Give back only the lines in the records below from the one with "ảnh gái đeo kính" to the one with "Пензенским аграриям помогут", both inclusive, word for word.

» **Dataset**
_____

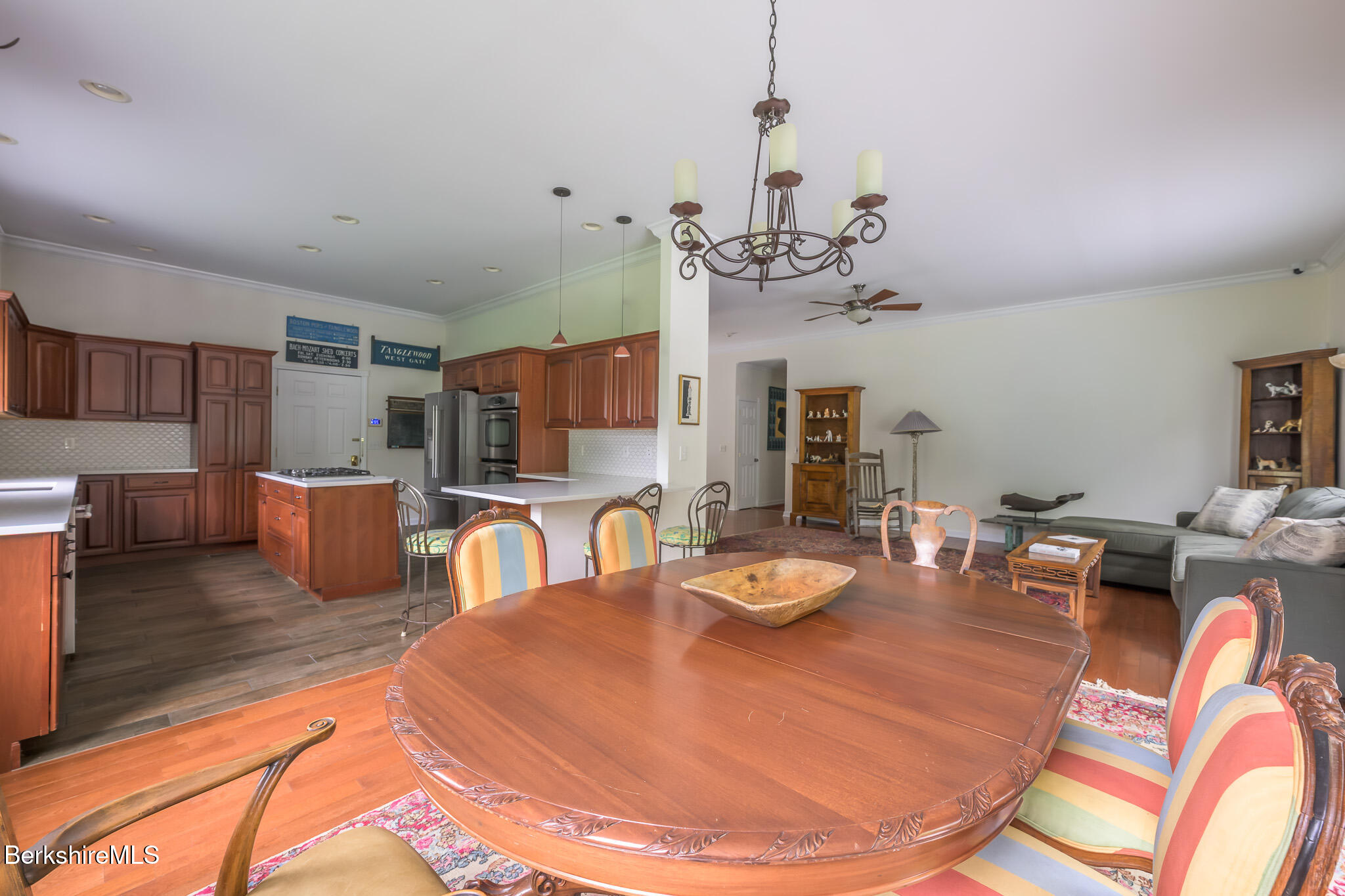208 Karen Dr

_____

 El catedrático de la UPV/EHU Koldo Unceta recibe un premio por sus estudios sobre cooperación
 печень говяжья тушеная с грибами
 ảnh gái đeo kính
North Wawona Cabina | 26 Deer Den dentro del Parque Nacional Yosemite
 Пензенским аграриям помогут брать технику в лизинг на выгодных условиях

_____

» **Output**
 ảnh gái đeo kính
North Wawona Cabina | 26 Deer Den dentro del Parque Nacional Yosemite
 Пензенским аграриям помогут брать технику в лизинг на выгодных условиях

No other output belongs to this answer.